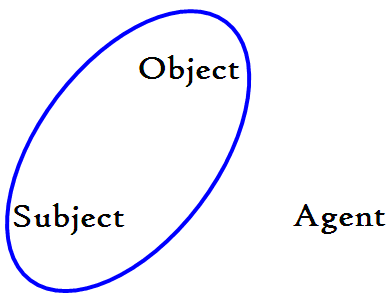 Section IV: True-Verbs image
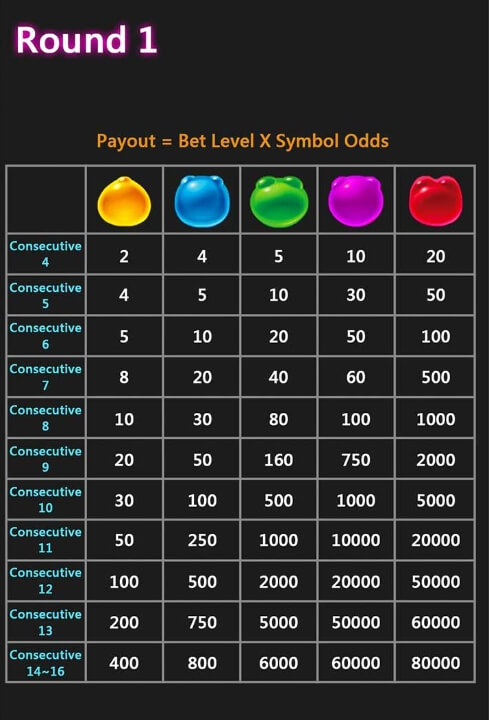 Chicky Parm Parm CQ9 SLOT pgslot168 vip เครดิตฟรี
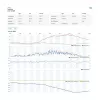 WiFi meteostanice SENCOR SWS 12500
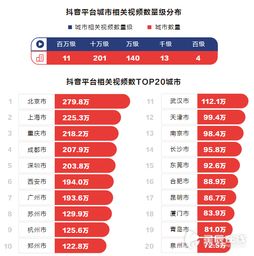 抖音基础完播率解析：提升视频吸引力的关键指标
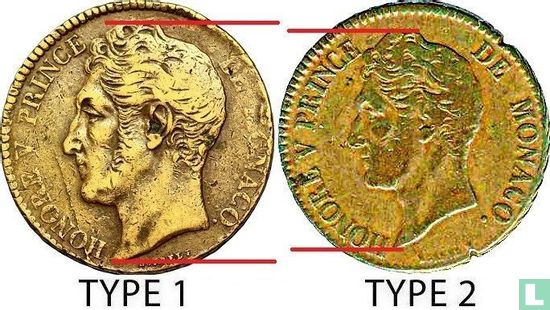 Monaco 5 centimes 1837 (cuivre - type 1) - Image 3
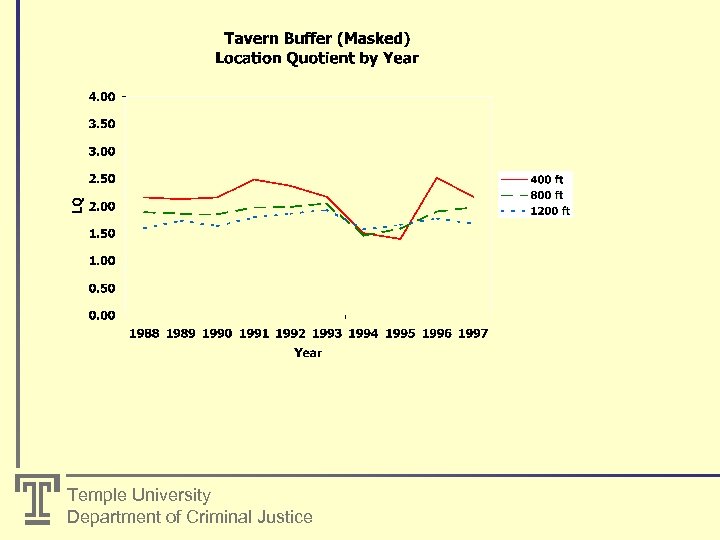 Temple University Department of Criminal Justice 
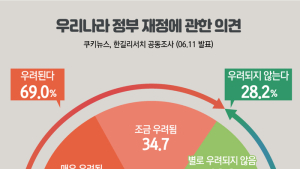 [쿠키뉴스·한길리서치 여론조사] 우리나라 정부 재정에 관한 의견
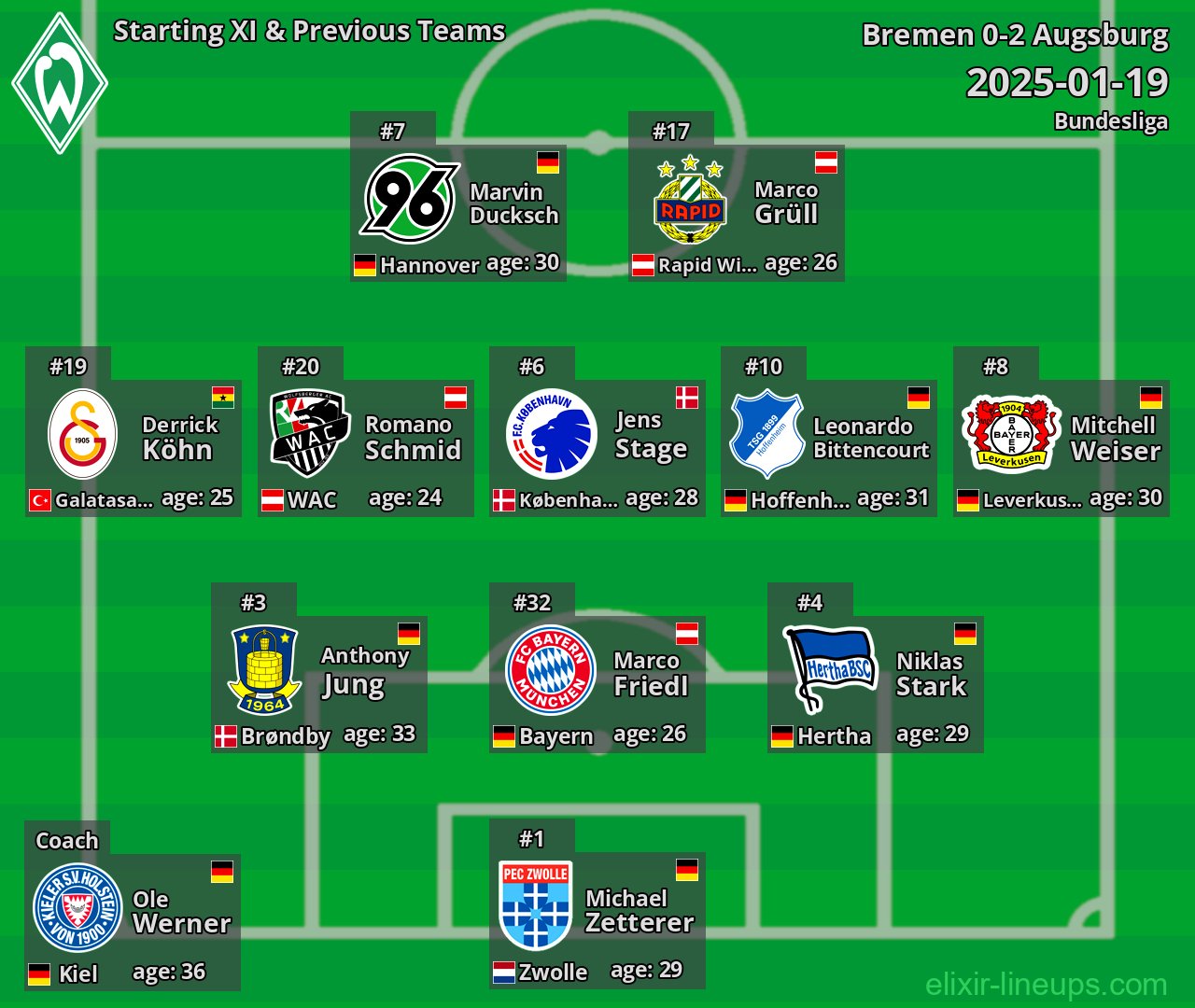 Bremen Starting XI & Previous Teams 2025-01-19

[What is being asked]: Line by line, print the records above exactly, skipping each picture.

[Written solution]:
 Section IV: True-Verbs image
 Chicky Parm Parm CQ9 SLOT pgslot168 vip เครดิตฟรี
 WiFi meteostanice SENCOR SWS 12500
 抖音基础完播率解析：提升视频吸引力的关键指标
 Monaco 5 centimes 1837 (cuivre - type 1) - Image 3
 Temple University Department of Criminal Justice 
 [쿠키뉴스·한길리서치 여론조사] 우리나라 정부 재정에 관한 의견
 Bremen Starting XI & Previous Teams 2025-01-19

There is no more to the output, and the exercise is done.